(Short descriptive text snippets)
_ _ _ _ _

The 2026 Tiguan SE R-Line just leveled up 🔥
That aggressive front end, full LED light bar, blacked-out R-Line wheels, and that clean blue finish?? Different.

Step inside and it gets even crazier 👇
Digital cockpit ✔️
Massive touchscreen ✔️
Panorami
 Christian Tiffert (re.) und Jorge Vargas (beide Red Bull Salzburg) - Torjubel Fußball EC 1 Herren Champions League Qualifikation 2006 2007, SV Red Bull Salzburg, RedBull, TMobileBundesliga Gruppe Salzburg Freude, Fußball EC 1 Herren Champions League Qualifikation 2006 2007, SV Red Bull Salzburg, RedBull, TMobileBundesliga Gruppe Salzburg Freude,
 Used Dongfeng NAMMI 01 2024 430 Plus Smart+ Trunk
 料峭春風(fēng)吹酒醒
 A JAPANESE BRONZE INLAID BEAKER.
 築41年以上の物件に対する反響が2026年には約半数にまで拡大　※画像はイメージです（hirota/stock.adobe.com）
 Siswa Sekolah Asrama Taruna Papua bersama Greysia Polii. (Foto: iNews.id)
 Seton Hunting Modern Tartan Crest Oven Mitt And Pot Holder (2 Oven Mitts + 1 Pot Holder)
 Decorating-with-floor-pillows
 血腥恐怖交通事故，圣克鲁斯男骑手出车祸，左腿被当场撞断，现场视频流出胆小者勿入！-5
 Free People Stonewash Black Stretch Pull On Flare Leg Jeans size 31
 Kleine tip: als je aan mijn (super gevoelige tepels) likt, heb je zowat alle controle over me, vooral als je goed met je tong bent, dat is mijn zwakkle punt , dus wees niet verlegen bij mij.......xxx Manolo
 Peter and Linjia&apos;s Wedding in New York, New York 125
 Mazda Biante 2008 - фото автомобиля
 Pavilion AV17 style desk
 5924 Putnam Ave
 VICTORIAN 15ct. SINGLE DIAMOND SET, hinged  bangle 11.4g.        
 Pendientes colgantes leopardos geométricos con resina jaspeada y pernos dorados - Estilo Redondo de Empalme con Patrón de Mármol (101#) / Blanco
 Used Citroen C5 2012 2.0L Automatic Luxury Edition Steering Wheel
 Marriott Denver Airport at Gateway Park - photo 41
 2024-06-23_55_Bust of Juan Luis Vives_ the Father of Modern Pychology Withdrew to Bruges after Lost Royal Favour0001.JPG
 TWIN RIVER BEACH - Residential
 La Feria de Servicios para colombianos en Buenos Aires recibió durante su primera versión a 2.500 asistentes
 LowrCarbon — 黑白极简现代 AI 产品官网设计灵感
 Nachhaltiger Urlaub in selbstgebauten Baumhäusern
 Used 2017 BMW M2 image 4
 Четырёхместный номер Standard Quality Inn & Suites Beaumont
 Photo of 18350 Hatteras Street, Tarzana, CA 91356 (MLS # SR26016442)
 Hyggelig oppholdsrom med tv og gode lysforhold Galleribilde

_ _ _ _ _

**ABOUT THIS EXERCISE**
The required answer is the run of lines above, starting at the line with "Marriott Denver Airport" and ending at the line with "Used 2017 BMW M2 image 4", reproduced exactly with both ends.

**FINISHED TASK**
 Marriott Denver Airport at Gateway Park - photo 41
 2024-06-23_55_Bust of Juan Luis Vives_ the Father of Modern Pychology Withdrew to Bruges after Lost Royal Favour0001.JPG
 TWIN RIVER BEACH - Residential
 La Feria de Servicios para colombianos en Buenos Aires recibió durante su primera versión a 2.500 asistentes
 LowrCarbon — 黑白极简现代 AI 产品官网设计灵感
 Nachhaltiger Urlaub in selbstgebauten Baumhäusern
 Used 2017 BMW M2 image 4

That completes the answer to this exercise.